Die Gegner bezweifelten am Freitag auch, dass es der Stadt mit einer Bürgerbeteiligung, die ihren Namen verdient, ernst ist. SÖS-Stadtrat Hannes Rockenbauch verwies auf das Prozedere für das heute von Bürobauten geprägte Güterbahnhofsgelände (A 1) aus dem Jahr 1997. "Da sieht man, was von den Vorschlägen der Bürger übrig geblieben ist." Der Schlichter Heiner Geißler empfahl der Stadt ein Verfahren nach Schweizer Muster: "Die formulieren erst einmal ihre Ziele. Darüber können die Bürger abstimmen, dann werden die Pläne gemacht und es wird erneut darüber befunden. Erst danach wird das Projekt realisiert." Man laufe dann nicht Gefahr, dass im Talkessel ein "Klein-Manhatten" entstehe. Aus Sicht der Deutschen Bahn werden die beim Bau des Tiefbahnhofs sowie der ICE-Trasse nach Ulm notwendigen Eingriffe in die Natur mehr als ausreichend ausgeglichen.

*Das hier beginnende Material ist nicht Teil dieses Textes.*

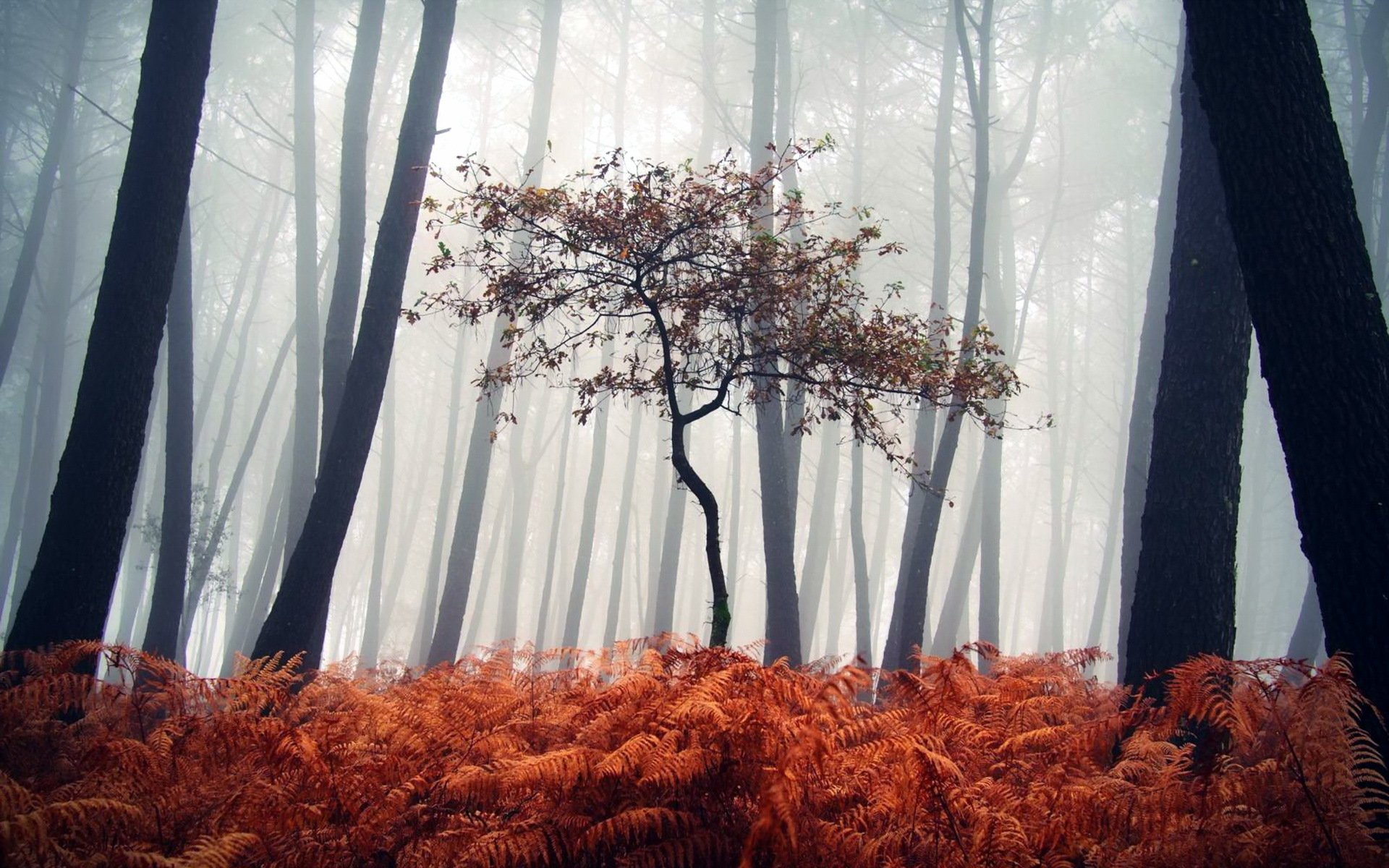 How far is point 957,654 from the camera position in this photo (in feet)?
11.4

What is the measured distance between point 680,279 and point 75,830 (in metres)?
4.64

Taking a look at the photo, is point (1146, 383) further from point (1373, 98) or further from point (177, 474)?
point (177, 474)

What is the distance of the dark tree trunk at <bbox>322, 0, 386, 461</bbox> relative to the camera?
934 centimetres

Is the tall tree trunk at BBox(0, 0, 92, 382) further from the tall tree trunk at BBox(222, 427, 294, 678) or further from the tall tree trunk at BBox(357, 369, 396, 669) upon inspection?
the tall tree trunk at BBox(357, 369, 396, 669)

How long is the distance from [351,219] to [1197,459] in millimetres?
10641

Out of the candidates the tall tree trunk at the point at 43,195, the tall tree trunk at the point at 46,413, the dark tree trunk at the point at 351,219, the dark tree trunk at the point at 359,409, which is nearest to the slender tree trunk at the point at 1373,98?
the dark tree trunk at the point at 359,409

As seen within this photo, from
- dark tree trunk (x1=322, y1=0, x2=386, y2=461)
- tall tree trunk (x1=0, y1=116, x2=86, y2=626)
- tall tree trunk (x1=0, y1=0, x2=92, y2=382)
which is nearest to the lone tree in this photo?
dark tree trunk (x1=322, y1=0, x2=386, y2=461)

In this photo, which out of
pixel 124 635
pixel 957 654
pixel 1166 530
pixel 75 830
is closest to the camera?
pixel 75 830

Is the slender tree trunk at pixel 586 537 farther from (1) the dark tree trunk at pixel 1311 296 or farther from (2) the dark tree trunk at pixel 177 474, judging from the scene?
(1) the dark tree trunk at pixel 1311 296

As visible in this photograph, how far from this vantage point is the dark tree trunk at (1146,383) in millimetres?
11062

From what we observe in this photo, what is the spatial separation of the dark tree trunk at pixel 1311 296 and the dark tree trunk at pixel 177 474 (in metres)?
11.8

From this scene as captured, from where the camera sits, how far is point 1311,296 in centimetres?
373

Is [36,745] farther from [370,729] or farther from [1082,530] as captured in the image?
[1082,530]

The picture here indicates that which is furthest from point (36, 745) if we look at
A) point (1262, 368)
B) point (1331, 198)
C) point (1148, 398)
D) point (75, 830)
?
point (1148, 398) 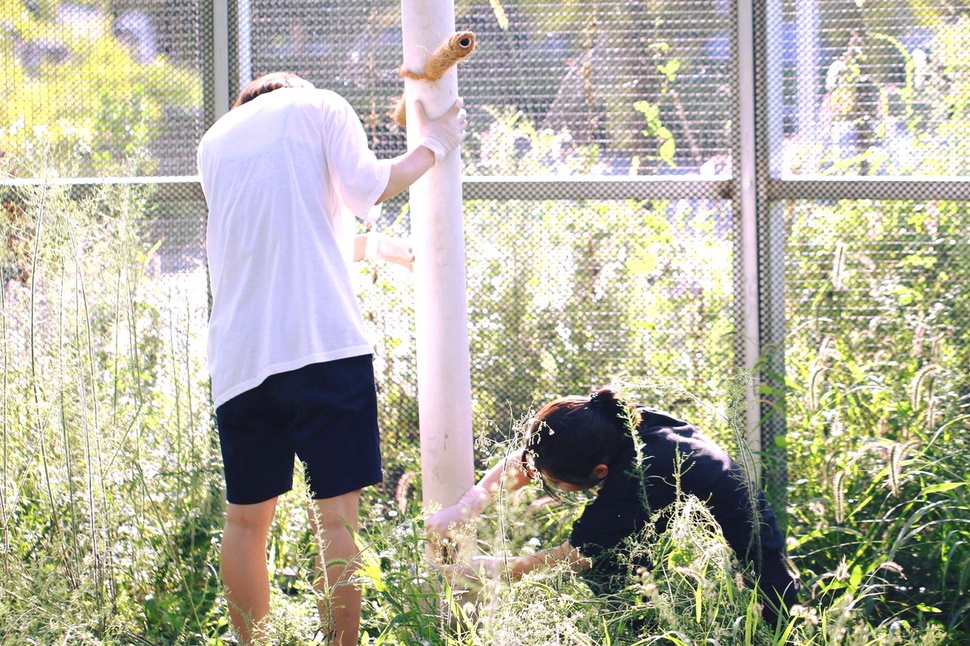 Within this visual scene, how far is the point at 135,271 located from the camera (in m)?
3.14

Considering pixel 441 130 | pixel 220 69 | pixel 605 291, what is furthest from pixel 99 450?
pixel 605 291

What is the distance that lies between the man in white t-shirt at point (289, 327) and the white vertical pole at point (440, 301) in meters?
0.17

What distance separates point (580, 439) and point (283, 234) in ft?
3.16

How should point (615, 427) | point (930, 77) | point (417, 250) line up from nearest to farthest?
point (615, 427)
point (417, 250)
point (930, 77)

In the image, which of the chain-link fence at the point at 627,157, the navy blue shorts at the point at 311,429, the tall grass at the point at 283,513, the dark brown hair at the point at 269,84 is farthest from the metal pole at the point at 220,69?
the navy blue shorts at the point at 311,429

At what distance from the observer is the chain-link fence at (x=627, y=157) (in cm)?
392

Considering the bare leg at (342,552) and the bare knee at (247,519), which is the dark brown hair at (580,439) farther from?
the bare knee at (247,519)

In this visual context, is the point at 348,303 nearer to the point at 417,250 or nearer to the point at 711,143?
the point at 417,250

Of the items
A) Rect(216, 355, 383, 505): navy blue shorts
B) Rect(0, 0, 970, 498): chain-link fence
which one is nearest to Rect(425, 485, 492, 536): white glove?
Rect(216, 355, 383, 505): navy blue shorts

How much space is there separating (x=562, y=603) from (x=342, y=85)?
255 centimetres

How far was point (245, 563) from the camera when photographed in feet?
9.30

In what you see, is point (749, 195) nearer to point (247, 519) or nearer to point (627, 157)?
point (627, 157)

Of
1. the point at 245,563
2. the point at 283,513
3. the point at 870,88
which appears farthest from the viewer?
the point at 870,88

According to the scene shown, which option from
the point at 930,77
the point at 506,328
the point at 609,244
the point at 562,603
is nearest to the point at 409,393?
the point at 506,328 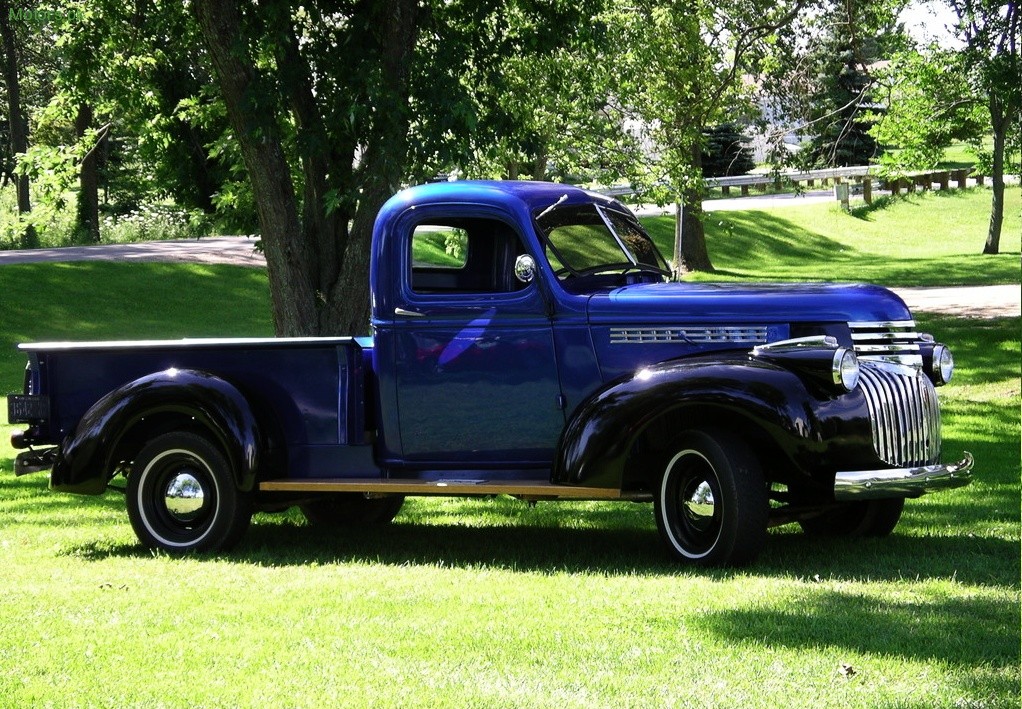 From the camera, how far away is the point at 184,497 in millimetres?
7980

Zudem plane man so, dass möglichst wenig Flächen verbraucht würden. Der Bahn-Rechtsberater Josef-Walter Kirchberg verwies auf die Prüfung der Umweltverträglichkeit, deren Ergebnisse das Eisenbahnbundesamt (Eba) abgesegnet habe. Für bedrohte Tierarten wie Fledermäuse und bestimmte Käfer habe die Bahn Vorsorge getroffen. So würden beim Bau der Neubautrasse "Fledermaustunnel" gegraben, um die Tiere nicht aus der Flugbahn zu bringen. Für den Juchtenkäfer und die blauflügelige Sandschrecke, eine Heuschreckenart, würden an anderer Stelle Lebensräume geschaffen. Der Fällung von 282 teilweise alten Bäume im Mittleren Schlosgarten stehe die geplante Neupflanzung von 291 Bäumen im gesamten Park gegenüber. Kirchberg wies darauf hin, dass der Bund für Umwelt und Naturschutz (BUND) mit seiner Klage vor dem Verwaltungsgerichtshof gegen die von der Bahn vorgelegte Ökobilanz gescheitert sei.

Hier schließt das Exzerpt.